__WORK REQUEST__: All of the data should be repeated exactly; pictures are not part of the copy.

__DATA BLOCK__:
######

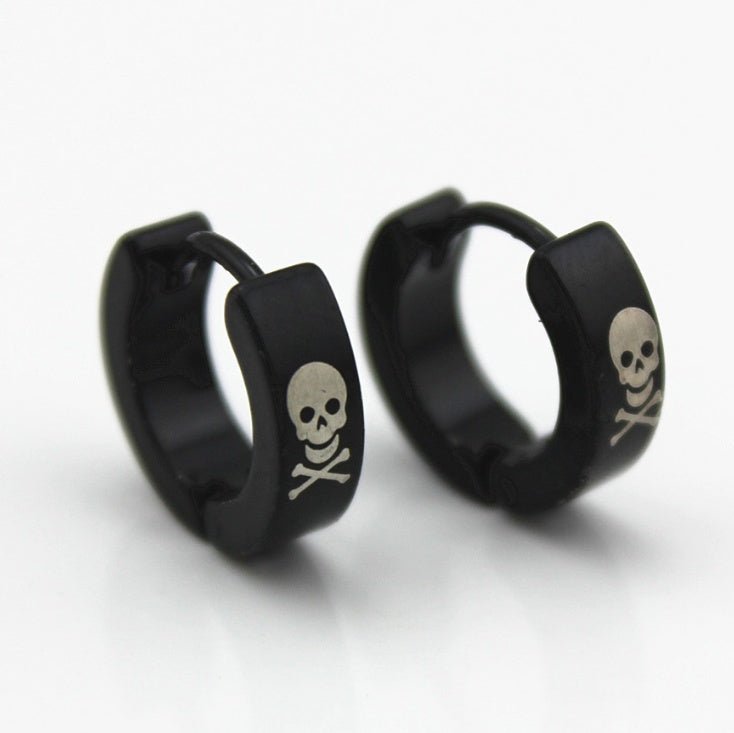 Skull Earrings Black Stainless Steel 4mm Studs-Jewearrings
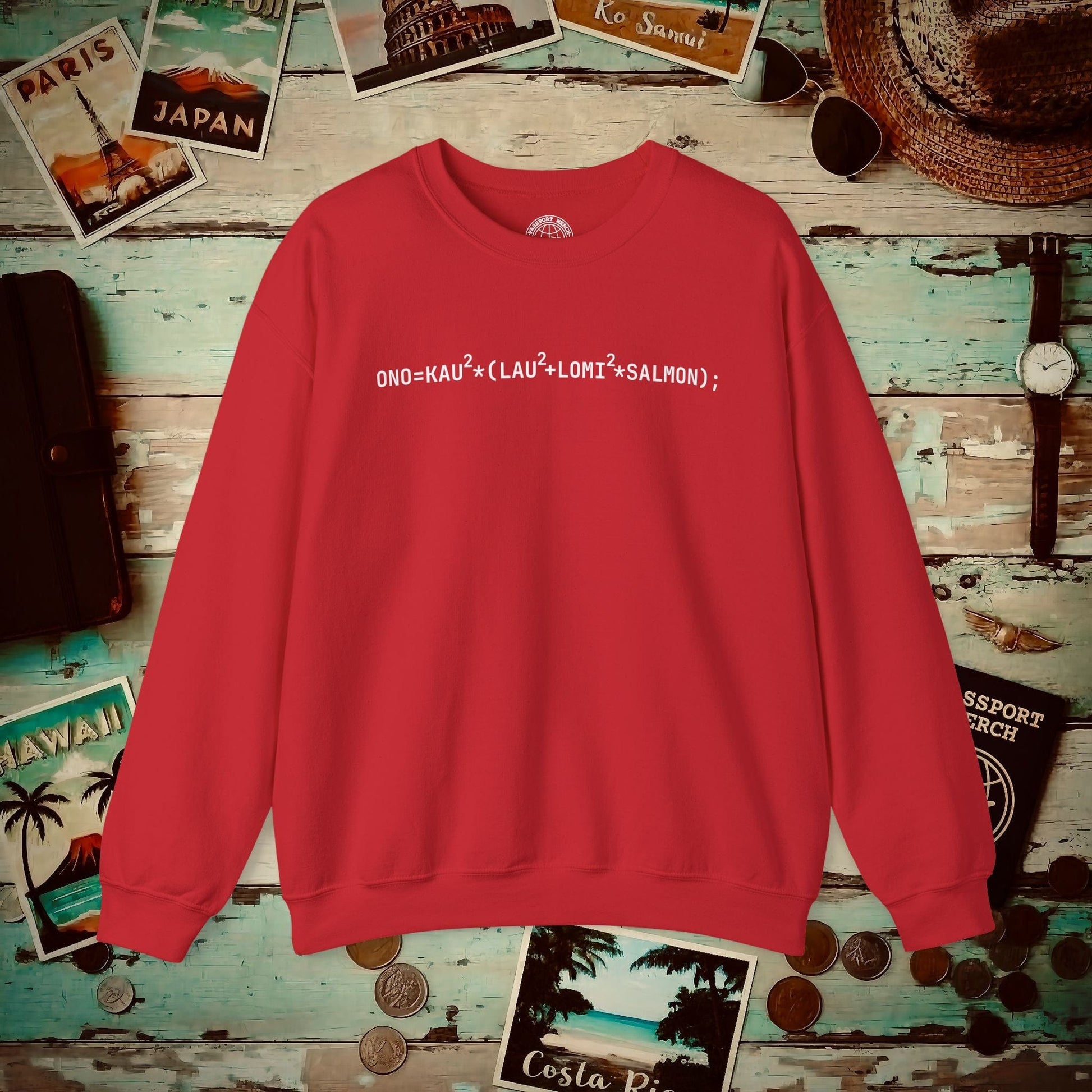 Hawaiian Foodie Math (Coder) Crewneck Red / S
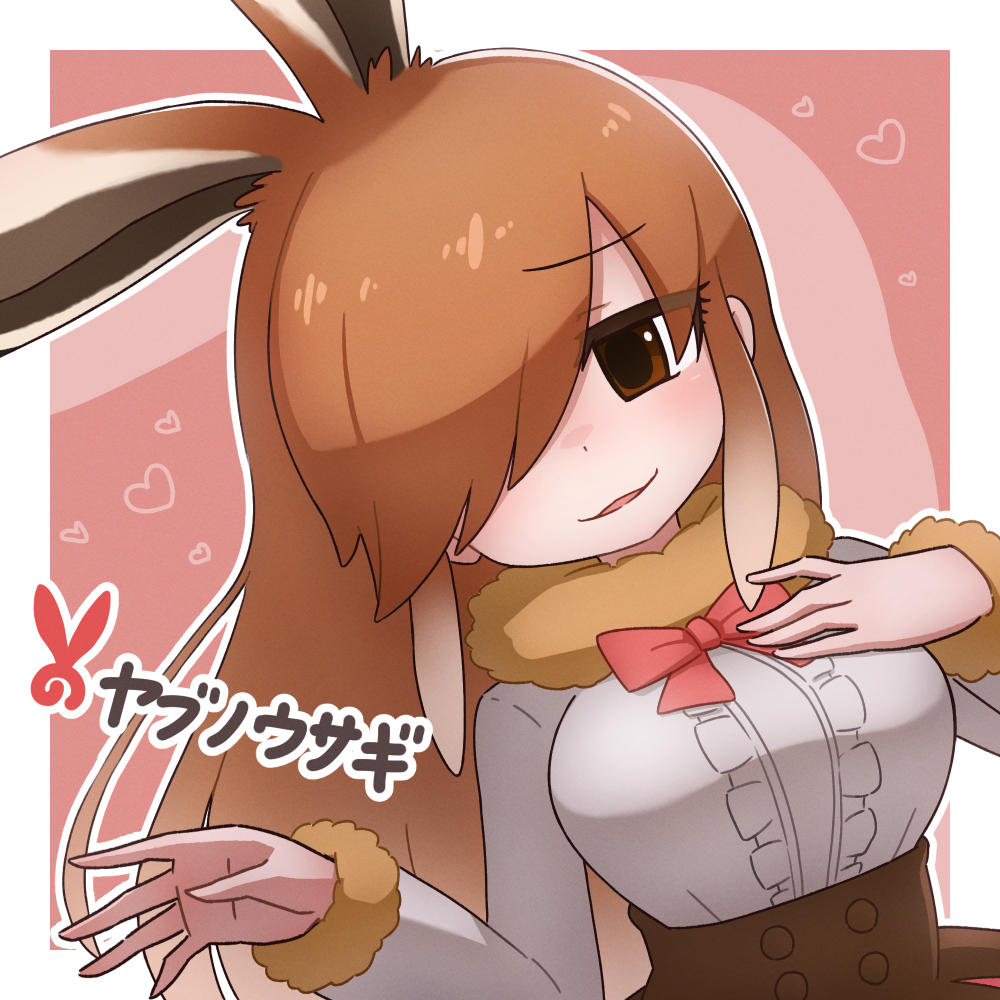 1girl animal_ears bow bowtie brown_eyes brown_hair brown_skirt coat da_(bobafett) european_hare_(kemono_friends) extra_ears hair_over_one_eye kemono_friends long_hair looking_at_viewer pink_background rabbit_ears rabbit_girl simple_background skirt solo upper_body white_coat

######

__ANSWER TO THE EXERCISE__:
 Skull Earrings Black Stainless Steel 4mm Studs-Jewearrings
 Hawaiian Foodie Math (Coder) Crewneck Red / S
 1girl animal_ears bow bowtie brown_eyes brown_hair brown_skirt coat da_(bobafett) european_hare_(kemono_friends) extra_ears hair_over_one_eye kemono_friends long_hair looking_at_viewer pink_background rabbit_ears rabbit_girl simple_background skirt solo upper_body white_coat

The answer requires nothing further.